Whether you’re building a new home from the ground up or purchasing a house for the first time, it pays to know the pros and cons of your construction materials–after all, they have to stand the test of time. Homeowners have to make informed decisions about the materials that go into their home construction in order to avoid costly repairs and avoidable damage in the future.
There are many factors that go into deciding which material is right for your home. Climate is one of the most important, as well as other environmental considerations like flooding and air pollution. Here are a few of the most common building materials used in house construction, and reasons why they might–or might not–be a good idea for your home.
This material is gaining buzz as an environmentally sound replacement for wood beams in home construction, and for good reason. Recycled scrap steel reduces energy required for steel production by up to 75 percent and saves trees. With its ability to stand up to high winds and even earthquakes, it’s also incredibly durable, making it ideal for regions susceptible to hurricanes. Exposed steel beams don’t have the aesthetic appeal of wood, though, so weigh your options carefully. Steel is also a heavier construction material than wood, and might be more costly to obtain.

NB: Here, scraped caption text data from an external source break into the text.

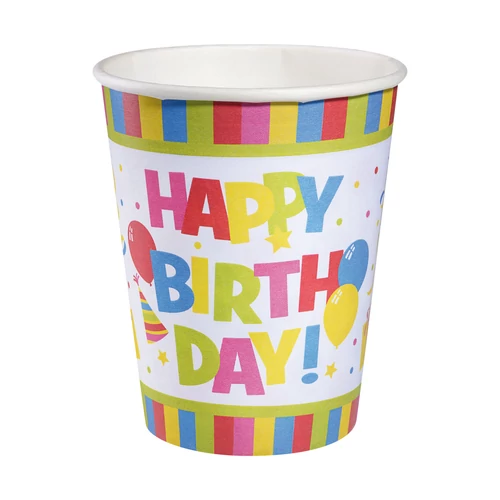 Pohár 10 db Happy Birthday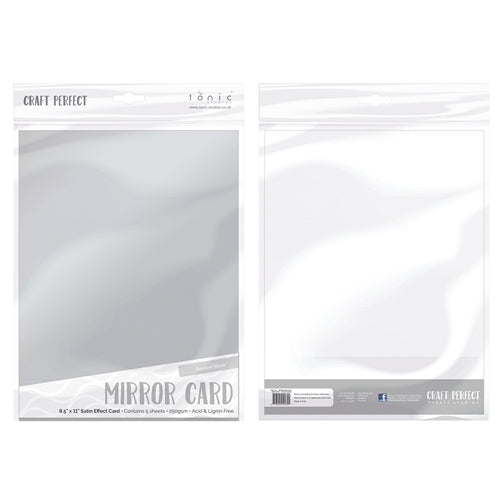 Simon Says Stamp! Tonic FROSTED SILVER Mirror Card Satin Cardstock 9482E
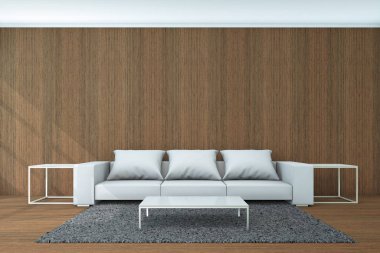 Yaşam alanı için arka plan kavramı 3d render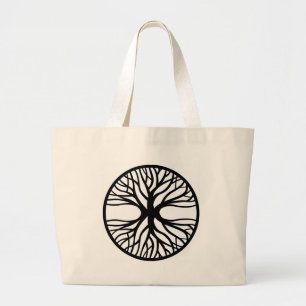 Tree Of Life Tattoo Large Tote Bag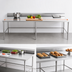 Thumbnail image #3 for Sapphire 120-Inch Stainless Steel Open Base Worktable with 5-Inch Backsplash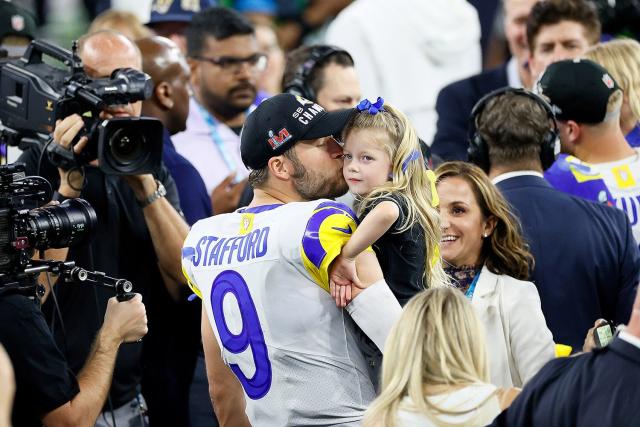 Matthew Stafford's Wife Kelly Got So Emotional Watching Him Make It to the Super  Bowl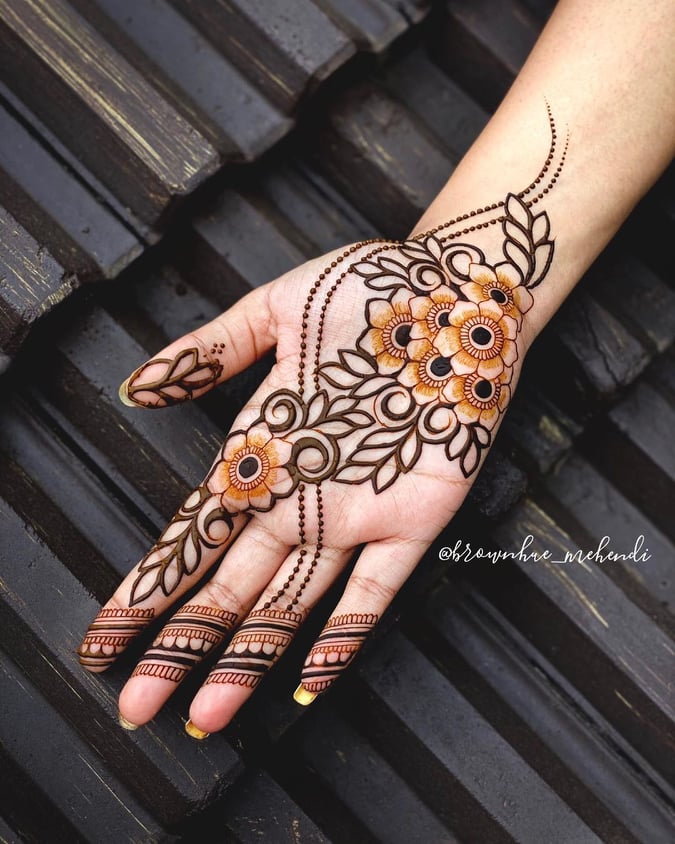 Simple Mehndi Designs for hand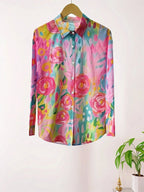 Odette | Blusa Feminina Estampada Colorida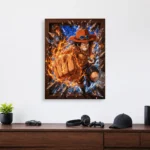 Anime Metal Poster Wall Decor - OP - Portgas D. Ace - Image 4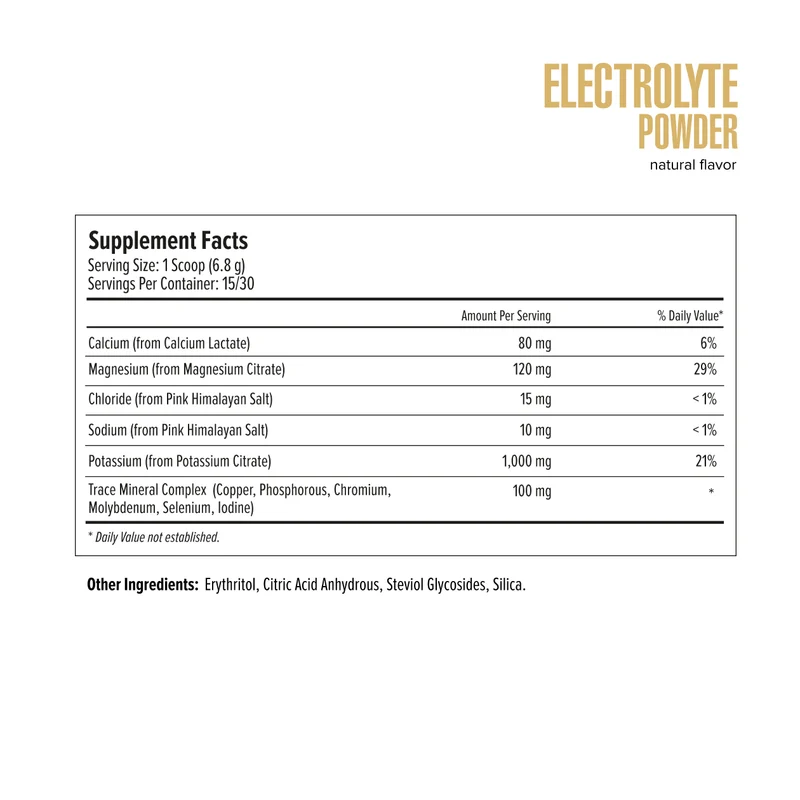 Electrolyte Powder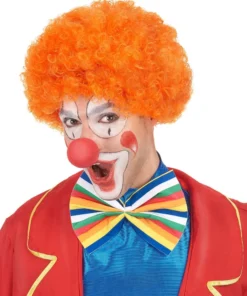 Carnival Products Womens Clown Orange Afro Wig Fancy Dress Accessory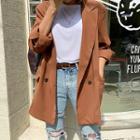 Double-breasted Longline Jacket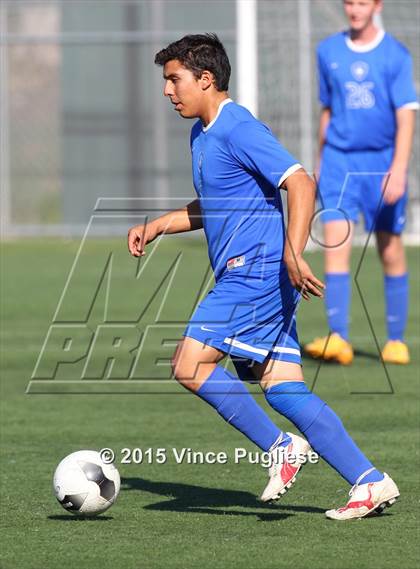 Thumbnail 3 in Desert Christian Academy vs. New Community Jewish (CIF SS D7 Playoffs) photogallery.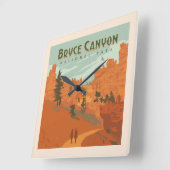 Bryce Canyon National Park Rock Formations Vierkante Klok (Hoek)
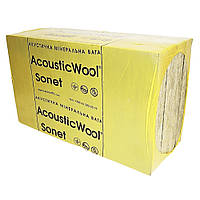 AcousticWool Sonet професійна акустична мінеральна вата 1000х600х50мм, в уп.10шт / 6.0м.кв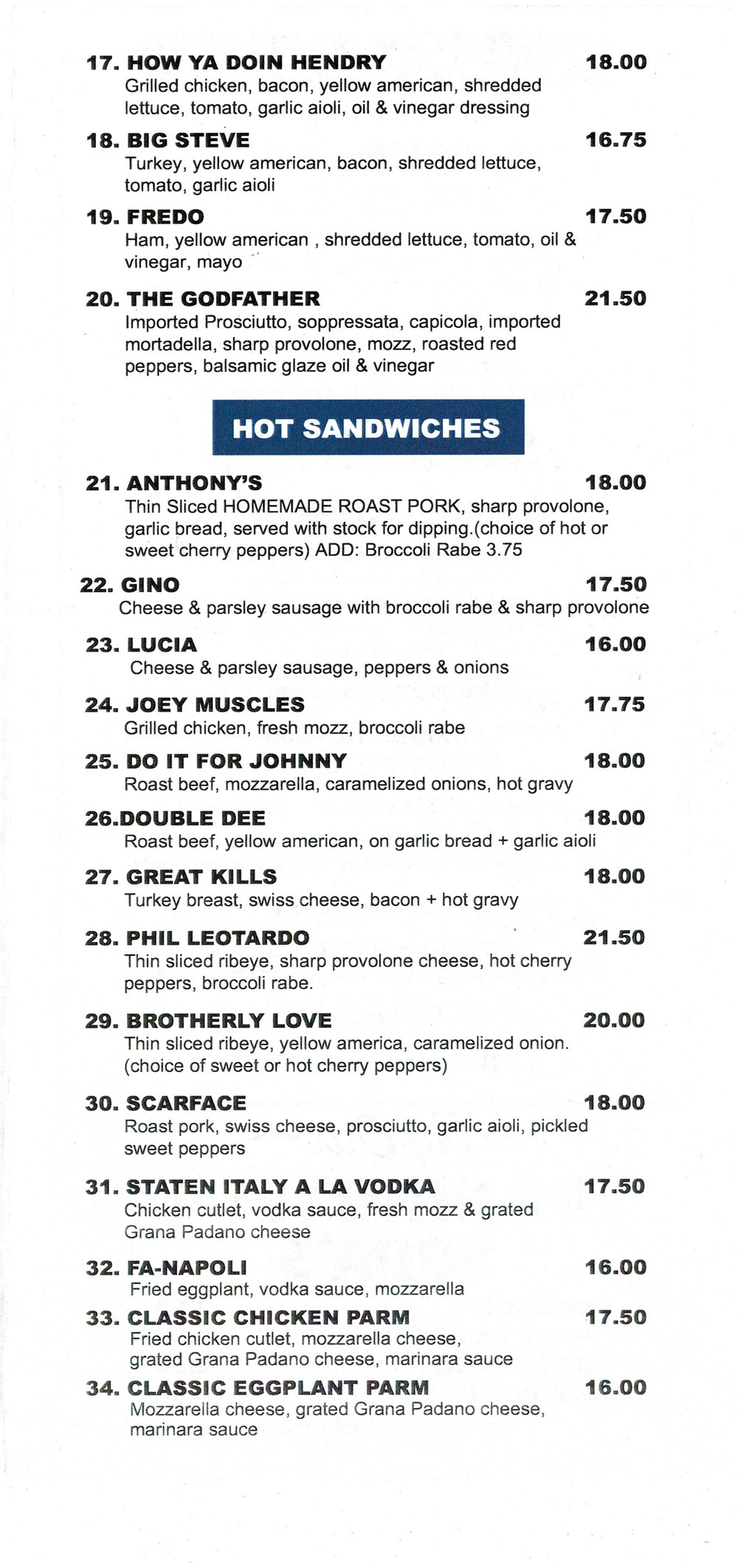 Anthony's Paninoteca food photos
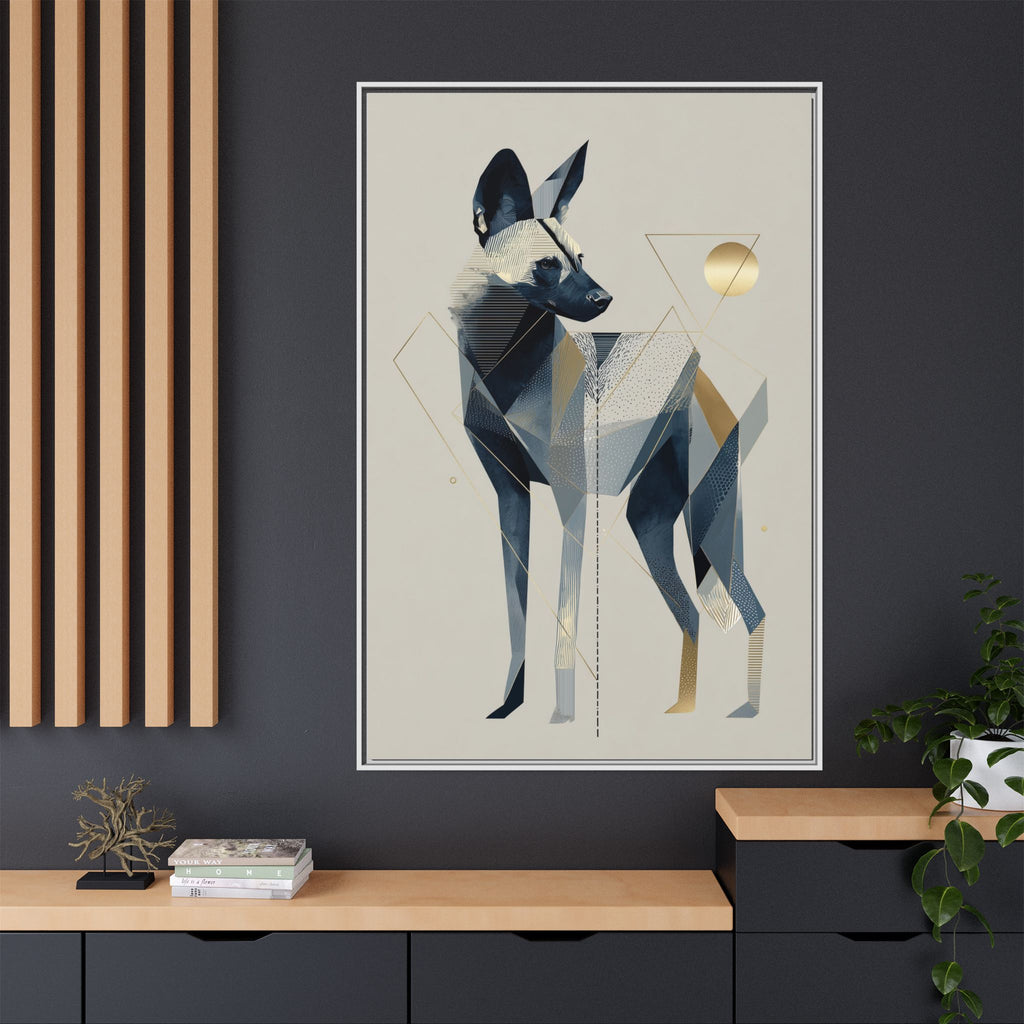 Canine Geometry: Fragmented African Wild Dog Portrait, Modern Graphic Design Study   |  Personalized & Custom Orders Available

Probably the most popular construction material for houses, wood has many advantages. It is relatively lightweight and unlike steel, easy to cut. It’s also easy to add decorative elements to wood constructions to increase curb appeal.
The disadvantages to wood construction include vulnerability to water damage, fire, decay, and termites. When purchasing a wood construction home, it’s very important to check the integrity of support beams, etc. Wood is also a less environmentally sustainable choice than green building materials such as composite lumber or recycled steel.
Brick & Block
These materials are fireproof and immune to rot, making them good for sturdy foundations. Reinforced concrete blocks are also able to stand up to just about any environmental stress. In addition, these materials save on labor costs over wood construction. Often bricks are made of renewable materials, making them an environmentally safe choice.
The disadvantages of brick/concrete block construction include the heaviness of the materials which often require deep foundations. Porous bricks can be vulnerable to mold in damp conditions, and the materials can also be damaged by plant growth such as ivy. Another disadvantage of brick/concrete block construction is its brittleness if you live in an earthquake zone. Wood and steel construction are superior construction materials in that situation. Always inspect the quality of the brick and ensure that your construction is carried out by skilled laborers. While it is possible to have bricks replaced, the process is expensive and requires specialized workers.
It’s a good rule of thumb to see what other homeowners in the area use in their construction and find out which homes stand up to weather conditions the best. A small amount of research can save you from dealing with time consuming problems later on. Ensuring that your home is built out of quality materials that are suited to the climate will save in energy, insurance, and repair costs in the future.